Questo mi fa dire che manca la politica, la direzione di marcia, la guida. Se chi ha dato vita all'iniziativa non saprà cogliere i limiti e cullerà l'illusione della nascita di nuovo movimento femminista avrà delle delusioni e ancor di più se prevarrà un ala radicale. Di sicuro quella non era una manifestazione contro gli uomini. In nuce si è verificato ciò che Bersani auspica da tempo: la saldatura della questione democratica con quella sociale ma ciò è avvenuto senza il Pd, riducendo il partito al ruolo di supporto logistico, con la presenza partitica azzerata  salvo l'eccezione fatta (in alcune città e non in tutte)  per le leadership femminili di destra ( Buongiorno e Perina).

Il veleno della antipolitica è penetrato a fondo, infesta, abilmente alimentato dalla propaganda e dalle nostre stesse debolezze, ogni ambito, è oggettivamente un ostacolo a qualsiasi possibilità di cambiare la maggioranza costituendo nel paese e in parlamento una alternativa.
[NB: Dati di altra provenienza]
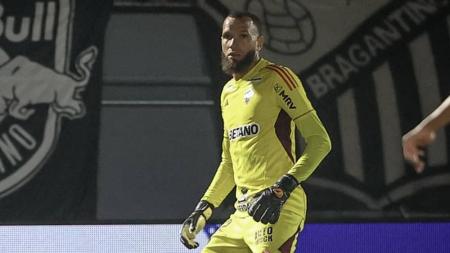 Everson espera que Atlético se recupere de resultados ruins na Arena MRV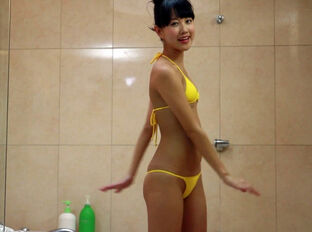 Marvelous chinese girls naked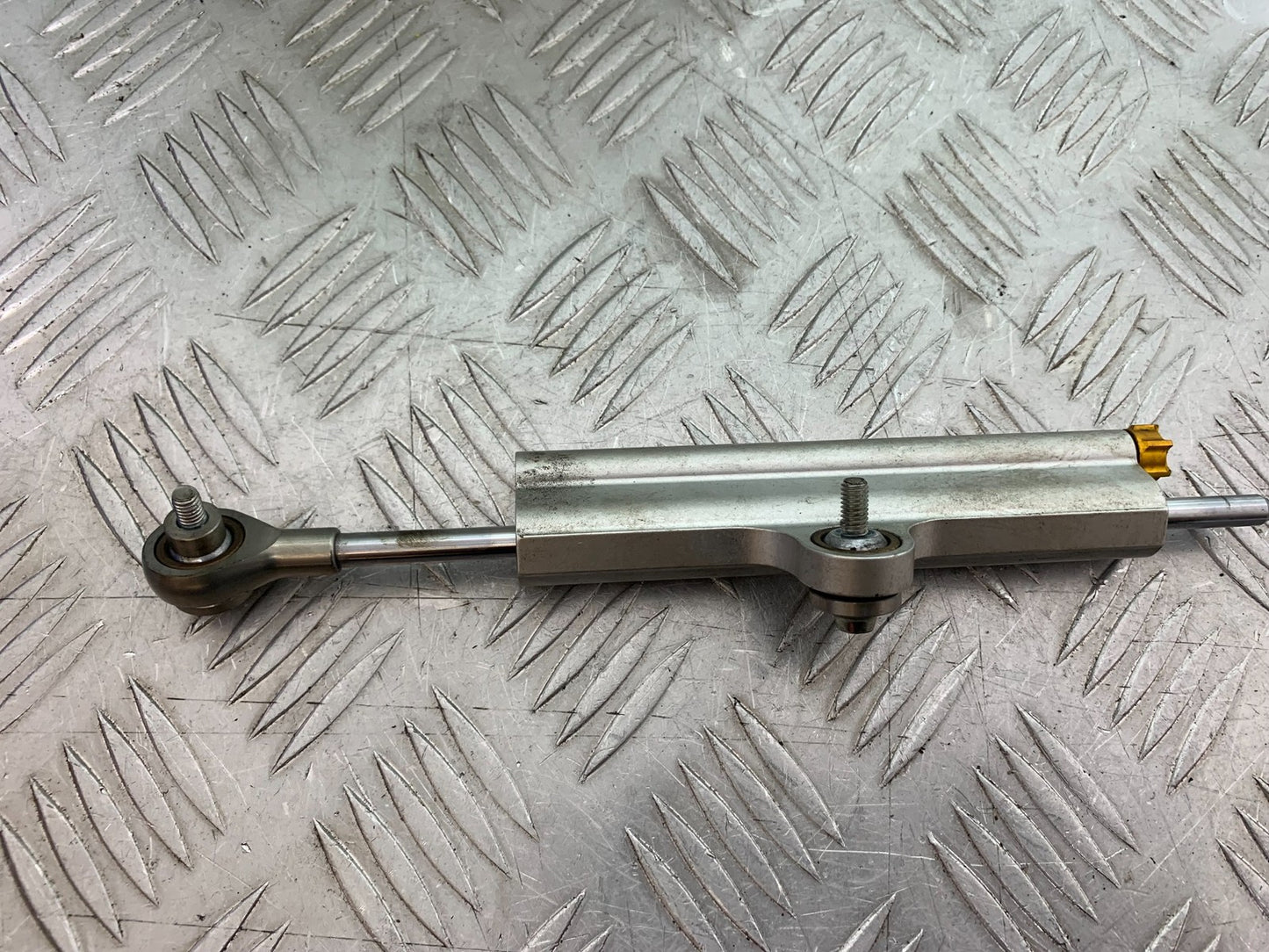 DUCATI 1299 PANIGALE OHLINS STEERING DAMPER   YEAR 2016 (CMB 1187)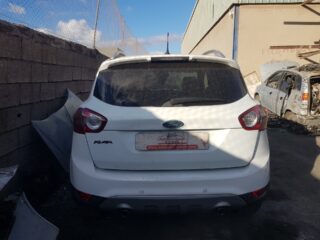 NO IDENTIFICADO FORD KUGA (CBV) Titanium - fotografía 6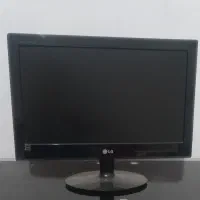 مانیتور الجی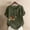 Army Green, variant on Pohista Women Summer Tops Womens Shirts Summer Womens Blouses Summer Short Sleeve Tunic Tops for Women Plus my items saved for later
A nessuno viene riconosciuta l'autorevolezza necessaria, comunque a prescindere chi ha a che fare con la politica non è degno di fiducia soprattutto nel centrosinistra.

Il rischio è quindi che la manifestazione rimanga una esplosione momentanea, appunto un grido senza parole, che il rancore cresca ed esploda poi chissà quando e chissà come. La responsabilità di noi che facciamo politica ora, è grande. Non vedo altra strada che esserci, tradurre le richieste in proposta politica, ripetere fino allo sfinimento lo stesso messaggio. Aggiungo che questo implica unità, più che sui singoli contenuti sulle parole d'ordine, e più ancora implica rispetto reciproco e orgoglio di appartenenza. E' ciò che avevo intravisto nella manifestazione del 11 dicembre ma che nei giorni successivi si è di nuovo disperso.

Se ho colto nel segno, se cioè si è smosso nella società un sentimento confuso,  del quale la questione femminile è una parte,  di dignità delle donne e del  paese delle sue istituzioni e dei suoi leader allora dovremo costruire, oltre l' 8 marzo e il 17 marzo nuovi momenti di aggregazione e di rilancio.